Revisiting residential self-selection and travel behavior connection using a double machine learning

Chuan Ding, Yufan Wang, Xinyu (Jason) Cao, Yulin Chen, Yang Jiang, Bin Yu

Research output: Contribution to journalArticlepeer-review

Abstract

Residential self-selection (RSS) confounds the connection between the built environment and travel behavior. Existing studies have used endogenous switching regression models to quantify the proportions of the built environment itself and RSS in the observed behavioral difference between different environments. However, the models are sensitive to model specification and assume pre-defined (mostly linear) relationships among variables. This study applies a double machine learning approach to fill the gap.

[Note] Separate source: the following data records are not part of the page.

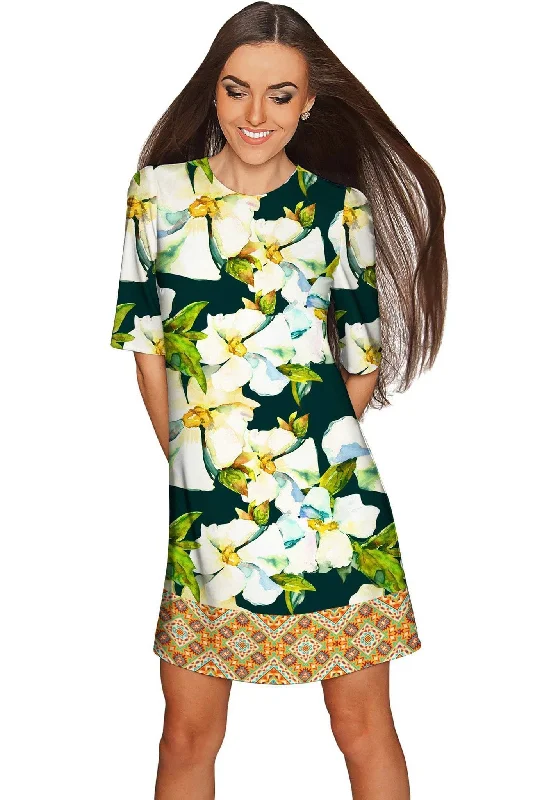 Date Night Grace Evening Floral Sleeved Shift Dress - Women Tulle floral dresses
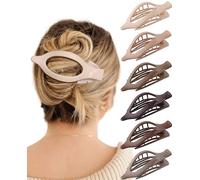 SECRET AROMA 6 pinzas planas para el pelo para mujer, estilo francés Concord, para cabello grueso y fino, antideslizantes, de fijación fuerte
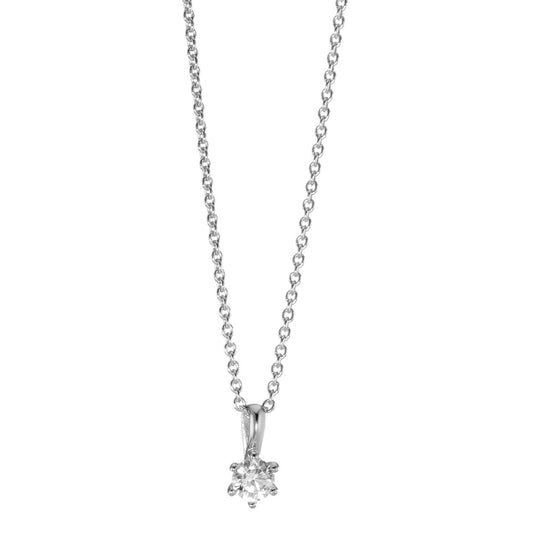 Necklace with pendant 9k White Gold Zirconia 40-42 cm Ø4 mm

The empirical context is to jointly model residential choice of Bus Rapid Transit (BRT) neighborhoods and weekly driving distance of household owning cars in Jinan, China. The results showed that the RSS effect accounts for about 40% of the observed difference in driving distance between the households living inside and outside of BRT neighborhoods. This results also emphasizes the necessity of relaxing the linearity assumption in the research on the relationships among the built environment, RSS, and travel behavior.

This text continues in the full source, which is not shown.